Of the Rand’s high today Bloomberg said it has “rallied through a psychological barrier, outpacing all of its emerging peers”.
This is the first time since August 2015 that the Rand has dipped below 13. It gained 0.9 percent to trade at 12.9896 per dollar.
Inflation in the country, which slowed for the first time in five months during January, is attributed to the Rands strengthened performance. Experts predict “slow and unsteady rand gains”.
The rand is now R12.98 to the dollar, R16.17 to the pound and R13.75 to the euro.
Meanwhile 17 major banks, including three South African banks, are to be prosecuted for collusion in the trading of foreign currency pairs involving the South Africa Rand (ZAR).
The Competition Commission South Africa, which has been investigating the case of price-fixing and market allocation since April 2015, has referred the case to the Competition Tribunal… and is seeking an order that the respondents have contravened the Competition Act.
The 17 banks across the world include Absa, Standard Bank, Credit Suisse, BNP Paribas, JP Morgan Chase, Barclays, ANZ (Australia and New Zealand Banking) and Bank of America.
If the Commission gets its way, the banks will have to pay a penalty equivalent to 10% of annual turnover.
The Commission found that since at least 2007, the banks had a general agreement to collude on prices for bids and offers in relation to the US Dollar / Rand pair.
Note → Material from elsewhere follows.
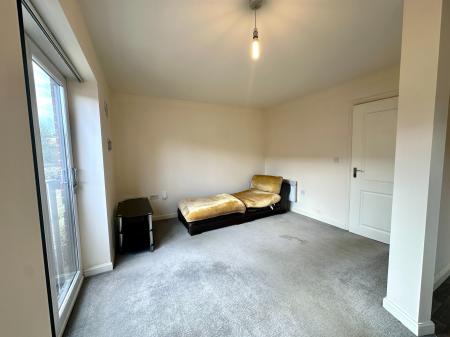 2 bedroom Apartment for sale in Broad Gauge Way, Wolverhampton City Centre, Wolverhampton, WV10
According to a statement from the Commission, it found the manipulation allegedly included “agreements to refrain from trading and creating fictitious bids and offers at particular times”, assisting each other to reach the desired prices.
The traders are alleged to have communicated through Reuters currency trading platform, Bloomberg’s chatroom, phone calls and meetings.
The banks will now have an opportunity to respond.
In a statement the South African Reserve Bank (SARB) said the investigation relates mainly to international financial institutions. The rand is a globally traded currency, with a daily average worldwide turnover of about $49-billion which represent 1% of total turnover in the international foreign exchange markets, said SARB.
SARB and the Financial Services Board had launched their own review of foreign exchange operations in the domestic market at the same time as the Commission’s investigation. The review found no evidence of serious misconduct, but did see room for improvement and made recommendations.
Today SARB said it sees the allegations in a serious light, and will monitor developments to embark on any action required in accordance with their mandate and jurisdiction.